Transforming the video viewing experience is about creating a richer and more engaging user experience, not just adding more description. DPG Media implements an AI-driven process to provide users with better recommended content, improve understanding of content libraries, and move toward a more automated and efficient annotation system We are aiming for This evolution promises to not only streamline operations, but also align content delivery with modern consumption habits and technological advances.
conclusion
In this post, we shared how DPG Media used Amazon Bedrock to bring AI-powered processes to their video publishing pipeline. This solution helps you accelerate audio metadata extraction, create a more engaging user experience, and save time.
We invite you to learn more about how you can gain a competitive advantage with powerful generative AI applications by visiting Amazon Bedrock and trying out this solution on the datasets relevant to your business.
About the author
Lucas Dussard I’m a GenAI engineer at DPG Media. He helps DPG Media efficiently and meaningfully integrate generative AI into various corporate processes.

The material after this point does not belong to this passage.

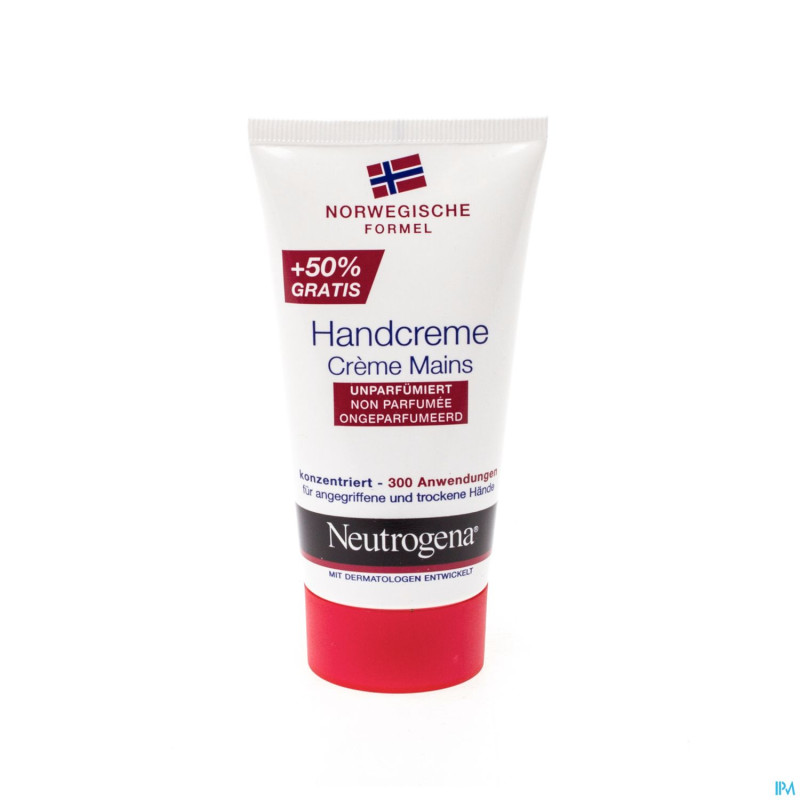 Neutrogena f/n creme mains n/parf    tube  75ml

tom lowers I’m a Machine Learning Engineer on the Video Personalization team at DPG Media. He builds and designs recommendation systems for DPG Media’s long-form video platform, supporting brands such as VTM GO, Streamz, and RTL play.
sam randyte Recommendation and search for area managers at DPG Media. As a team manager, he coaches ML and software engineers in building internal recommendation systems and generative AI solutions.
Irina Radu is a Prototyping Engagement Manager, part of AWS EMEA Prototyping and Cloud Engineering. She helps clients make the most of emerging technologies, innovate faster and think bigger.
Fernanda MachadoAWS Prototyping Architects, help customers bring their ideas to life and use the latest best practices for modern applications.
Andrew ShvedThe Senior AWS Prototyping Architect helps customers build business solutions that use modern applications, big data, and AI innovations.